Your instructions – I would like the entries transcribed word for word, please, with the pictures removed.

Image-text web data –

+ + + + +

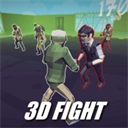 3D格斗竞技场 v1.7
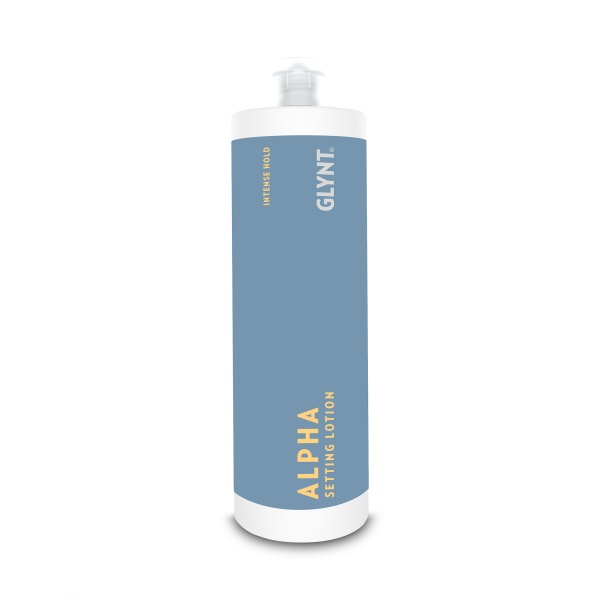 Glynt Лосьон-спрей для динамичной фиксации Alpha Setting Lotion, 1000 мл купить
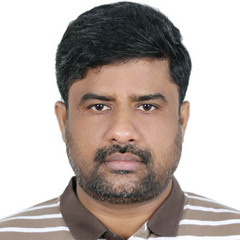 chandran krishnan, Commissioning Manager / Senior Engineer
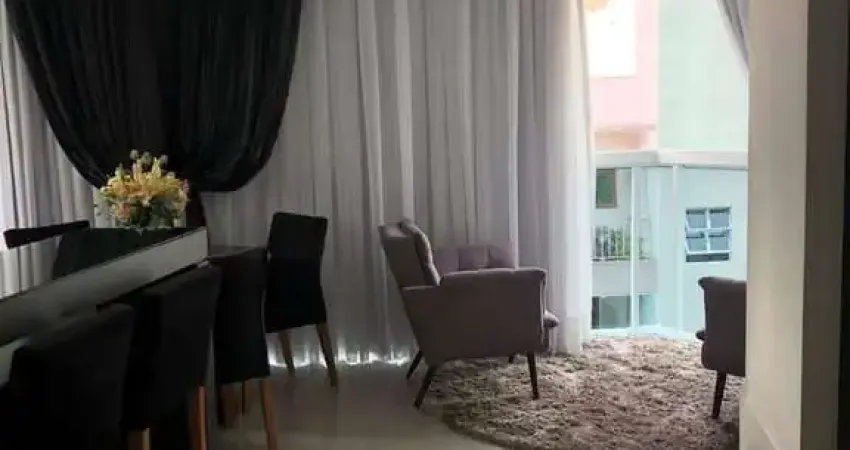 Lindo apartamento mobiliado com 03 dormitórios próximo a praia de balneário camboriú à venda!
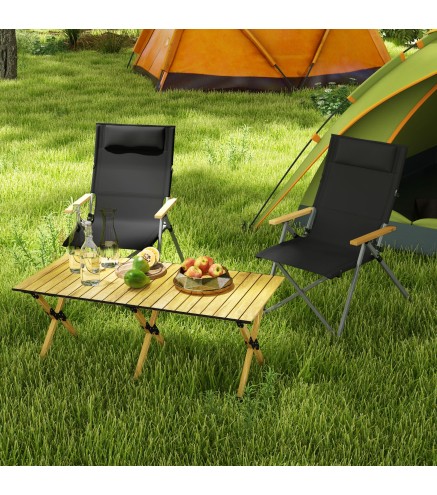 Sillas de Camping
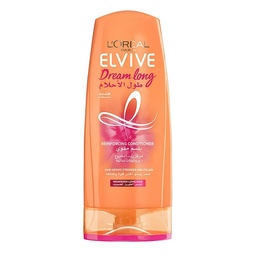 لوريال الفيف بلسم طول الاحلام - Loreal Elvive Conditioner Dream Long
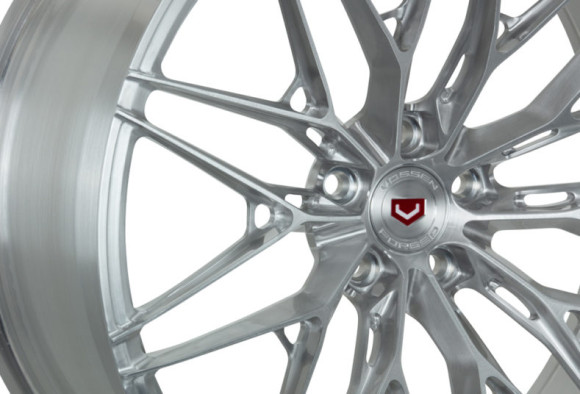 Диски Vossen S21-02 19"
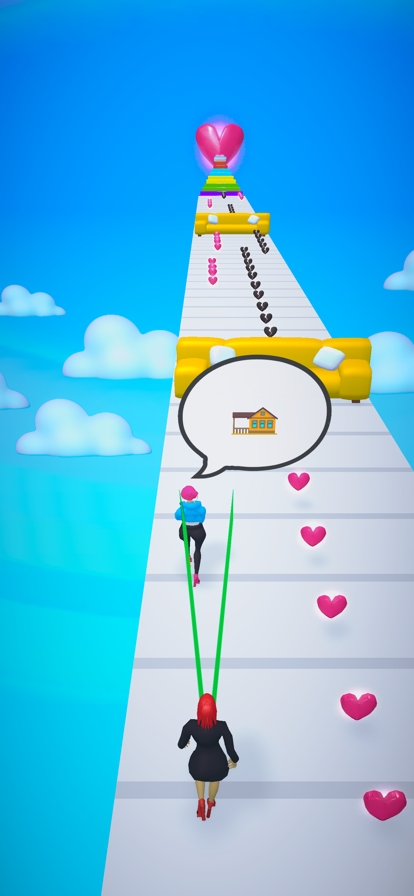 Couple Therapistios版2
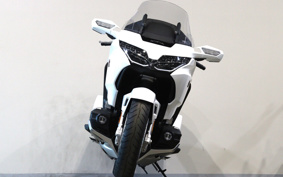 HONDA GL 1800 GOLD WING 2026 SC79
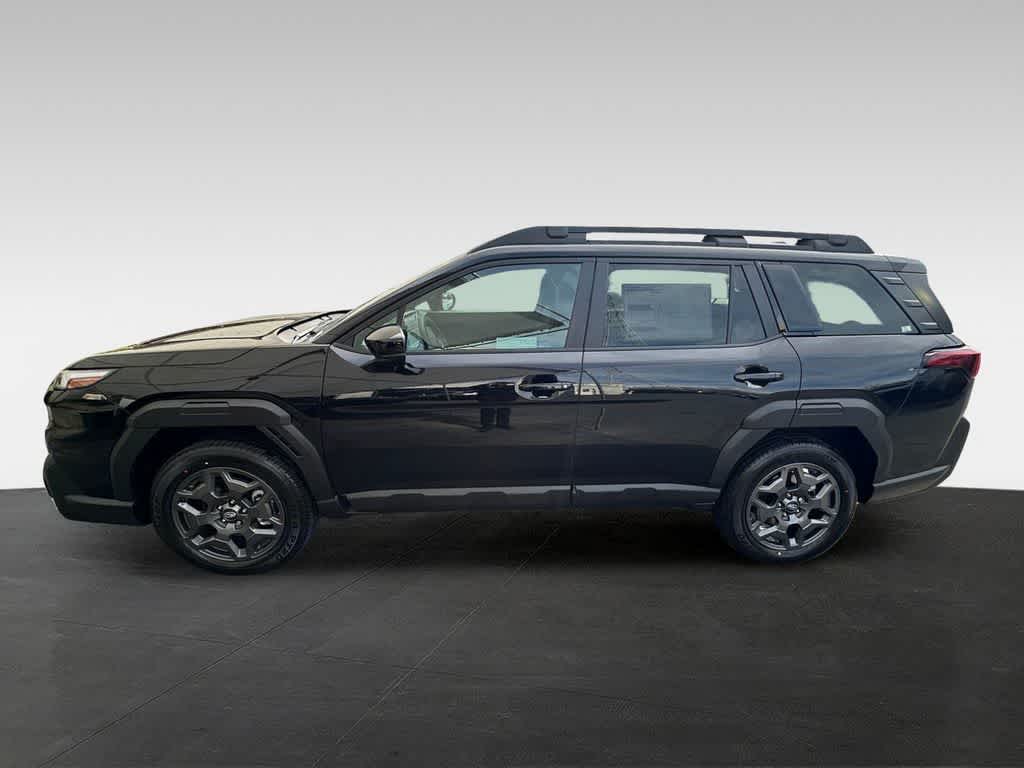 Thumbnail: 2026 Subaru Outback - 3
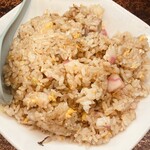 味楽 - チャーハン
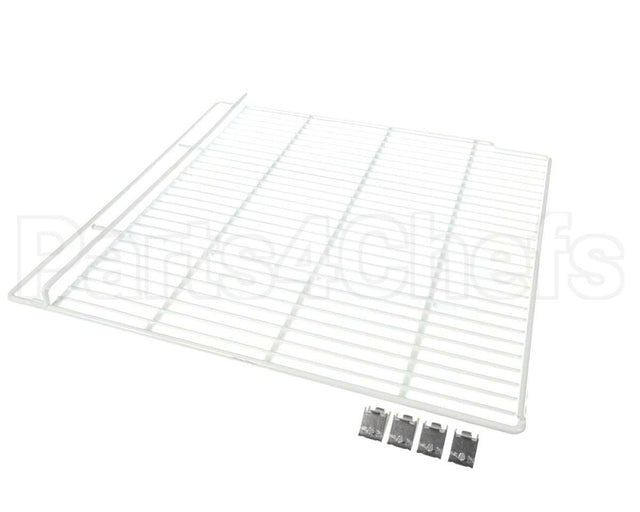 ECS06-00 Everest 23.62" X 22.44" (600Mm X 570Mm) Epoxy Co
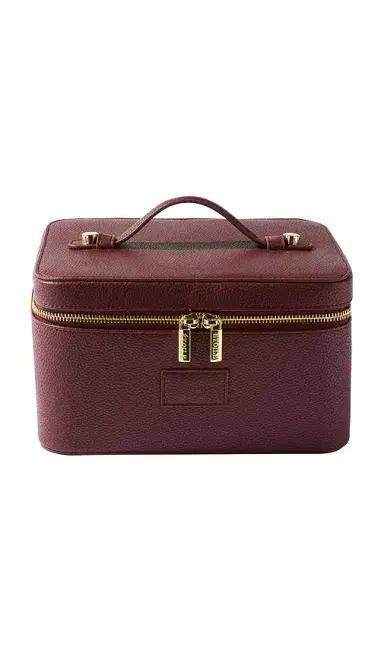 ETOILE COLLECTIVE Vanity Case | Thumbnail 1 ETOILE COLLECTIVE Vanity Case | Thumbnail 1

+ + + + +

Your solution –
 3D格斗竞技场 v1.7
 Glynt Лосьон-спрей для динамичной фиксации Alpha Setting Lotion, 1000 мл купить
 chandran krishnan, Commissioning Manager / Senior Engineer
 Lindo apartamento mobiliado com 03 dormitórios próximo a praia de balneário camboriú à venda!
 Sillas de Camping
 لوريال الفيف بلسم طول الاحلام - Loreal Elvive Conditioner Dream Long
 Диски Vossen S21-02 19"
 Couple Therapistios版2
 HONDA GL 1800 GOLD WING 2026 SC79
 Thumbnail: 2026 Subaru Outback - 3
 味楽 - チャーハン
 ECS06-00 Everest 23.62" X 22.44" (600Mm X 570Mm) Epoxy Co
 ETOILE COLLECTIVE Vanity Case | Thumbnail 1 ETOILE COLLECTIVE Vanity Case | Thumbnail 1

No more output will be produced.